Auf den Gesichtern der Delegierten spiegelt sich allerdings kein ungebrochener Glaube. Wie auch? In den Zeitungen auf den Tischen stehen die neuesten Werte, nach denen die CDU weiter gewonnen, die SPD weiter verloren hat. 38 zu 26 Prozent steht es, im März lagen beide noch bei 33.

Müller mahnt zur Geschlossenheit, „denn es wird genau geschaut, wie wir miteinander umgehen“. Weniger Selbstbefassung, mehr positives Denken, fordert er: Man müsse selbstkritische Debatten führen, „aber nicht nur!“. Auch mal über Erfolge reden, statt immer nur zu fragen, „ob wir bis zum letzten Komma alles richtig machen“.

Und dann sagt er einen Satz, mit dem er sich von Schulz abgrenzt, der in seiner Messias-Zeit im März ankündigte, die Hartz-IV-Reformen korrigieren zu wollen, ohne konkret nachzulegen. „Lasst uns nicht selbst immer wieder über eine Arbeitsmarktreform aus dem Jahr 2003 reden“, fordert Müller: „Ich will nach vorne gehen.“

Die fünf KandidatInnen, die der Landesvorstand für die ersten Listenplätze zur Bundestagswahl empfohlen hat, werden jedenfalls klar gewählt.
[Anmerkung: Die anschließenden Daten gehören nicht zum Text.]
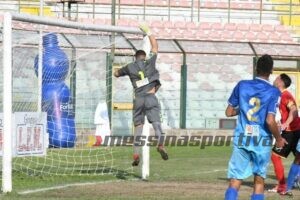 Marone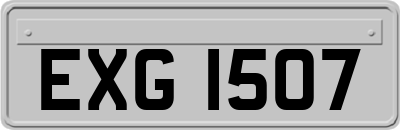 EXG1507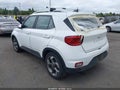 2022 Hyundai Venue — photo 3 of 15 | VIN KMHRC8A36NU147697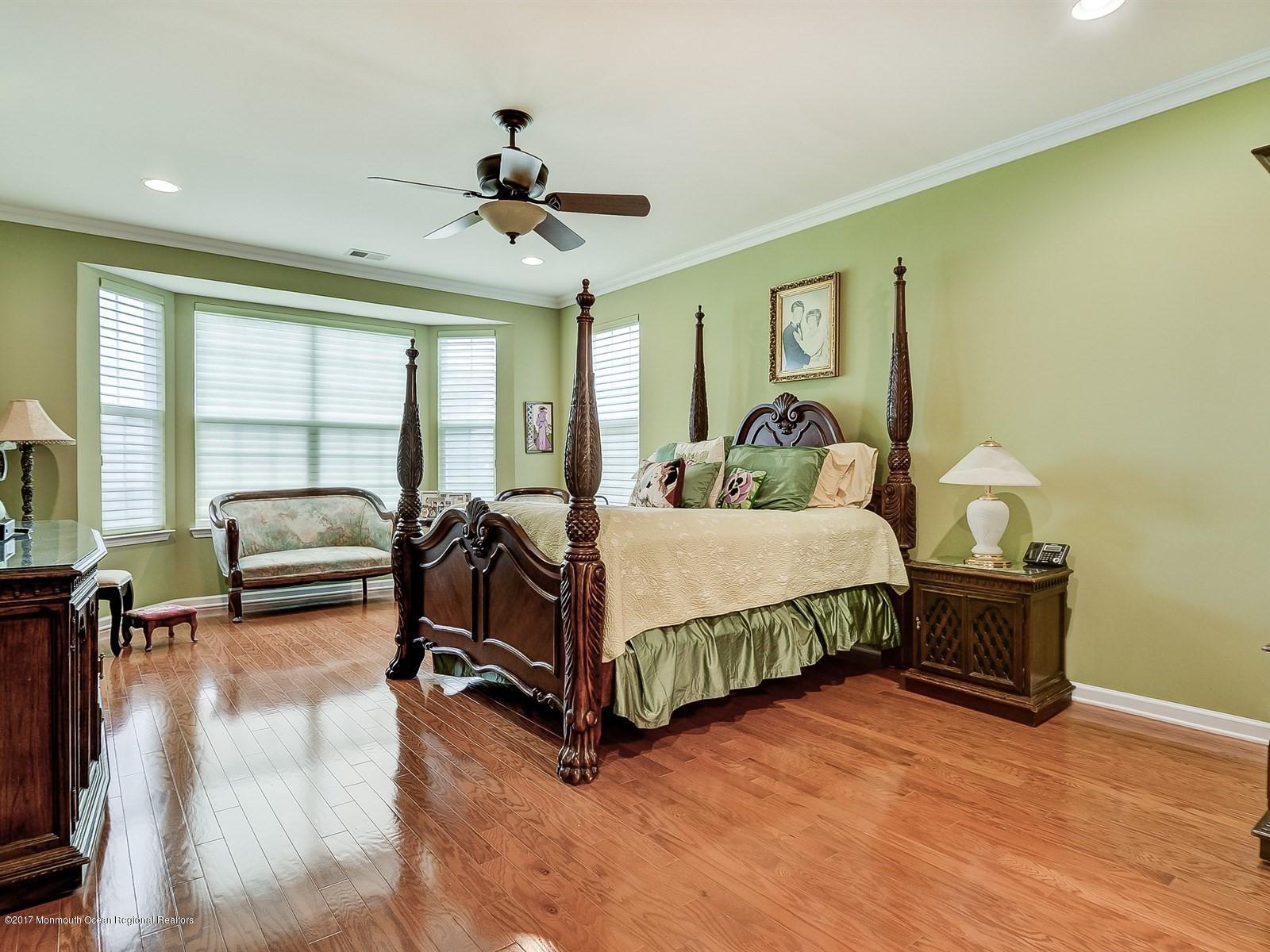 5 Percheron Road Manalapan, NJ 07726 - Photo 15 of 50 015_Master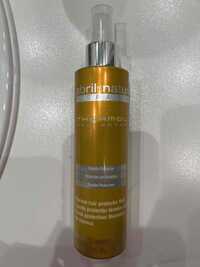 ABRIL ET NATURE - Thermal - Fluide protecteur thermique de cheveux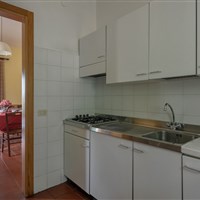 Residence Parco del Garda - ckmarcopolo.cz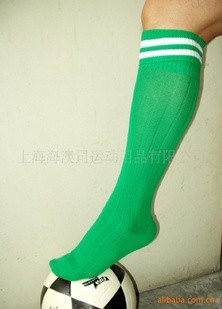 ��Ӧ��ʽ�����˶���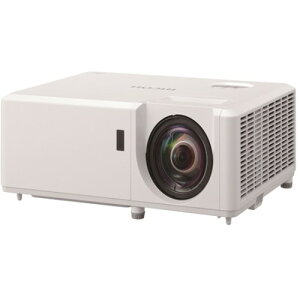 �Z�œ_�v���W�F�N�^�[ RICOH PJ WXL4760 514379
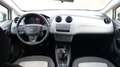 SEAT Ibiza SC IV 1.2 60 Reference Blanc - thumbnail 11
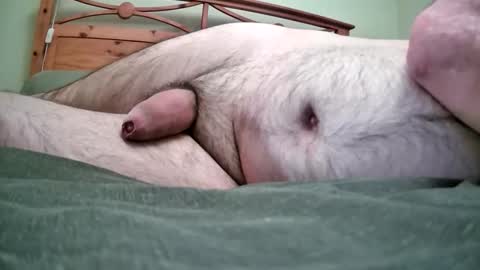 Snapshot of mycockfillsapintglass chatting on 09-25-25, 05:05 mycockfillsapintglass online show from 09-25-25, 05:05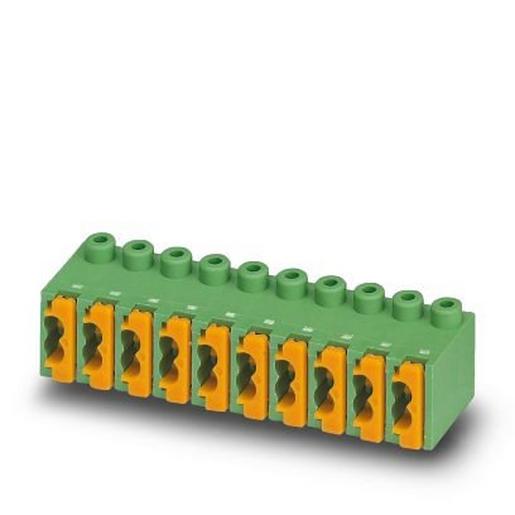 FK-MPT 0,5/ 3-ST-3,5 Leiterplattenklemme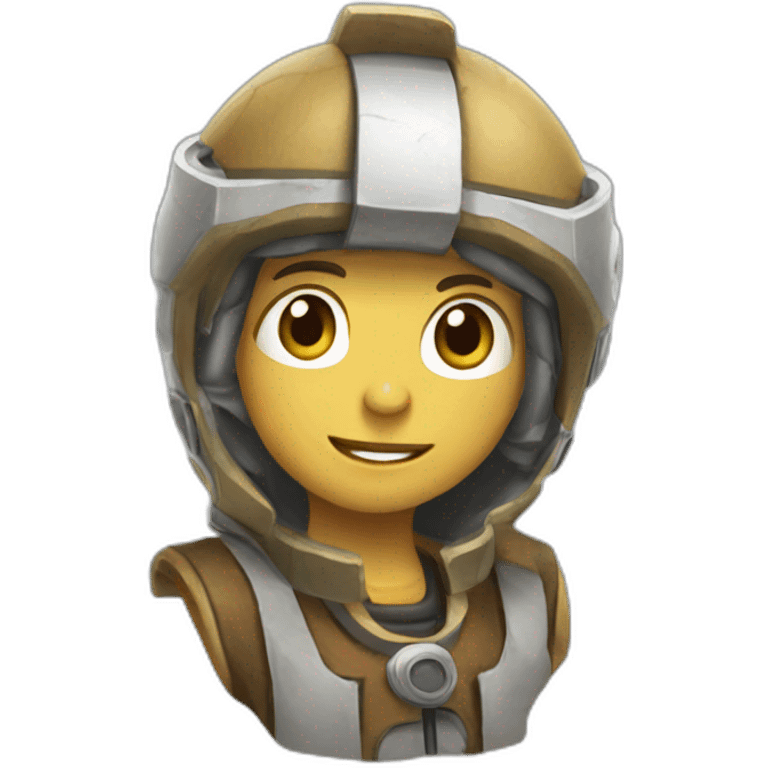 Gyro Gearloose emoji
Spitzenkandidatin wird erneut Eva Högl. Sie hatte 2013 ihren Wahlkreis in Mitte direkt gewonnen.

Kein Spaß

Mit der CDU mag Högl künftig nicht mehr regieren – die Große Koalition mache „überhaupt keinen Spaß“, sagt sie. Doch weder von ihr noch von anderen der vorderen Kandidaten ist die Forderung nach einem rot-rot-grünen Bündnis zu hören, wie es auf Landesebene besteht.

Für einen speziellen Moment sorgt der Lichtenberger Kevin Hönicke. Er interpretiert das SPD-Mantra vom diskriminierungsfreien Zugang wohin auch immer neu. „Wir können bei der Bundestagswahl Geschichte schrei­ben: Es gab bislang noch nie einen Kevin im Bundestag“, sagt er – und die SPD stehe dafür, dass Namen nicht den Werdegang bestimmen dürften. Tatsächlich schafft er es auf einen Listenplatz, der 2013 für den Bundestag reichte.

Wählen sollen künftig nach einem Beschluss des Parteitags nicht nur Volljährige. Die Antragskommission, einflussreiches Vorfilter-Gremium jedes Parteitags, hatte sich dagegen ausgesprochen, doch die Mehrheit der Delegierten sieht das anders – nun soll sich die Bundesebene der SPD mit der Forderung nach einer Herabsetzung des Wahlalters befassen.

Aus einem anderen Antrag ist schon vor Sitzungsbeginn die Luft raus: Kein Stadionneubau hatte der gefordert und einen Konflikt mit Fußball-Bundesligist Hertha angebahnt. Doch just am Tag vor dem Parteitag lenkte Hertha ein und will jetzt doch über einen Umbau des Olympiastadions statt eines Neubaus nachdenken.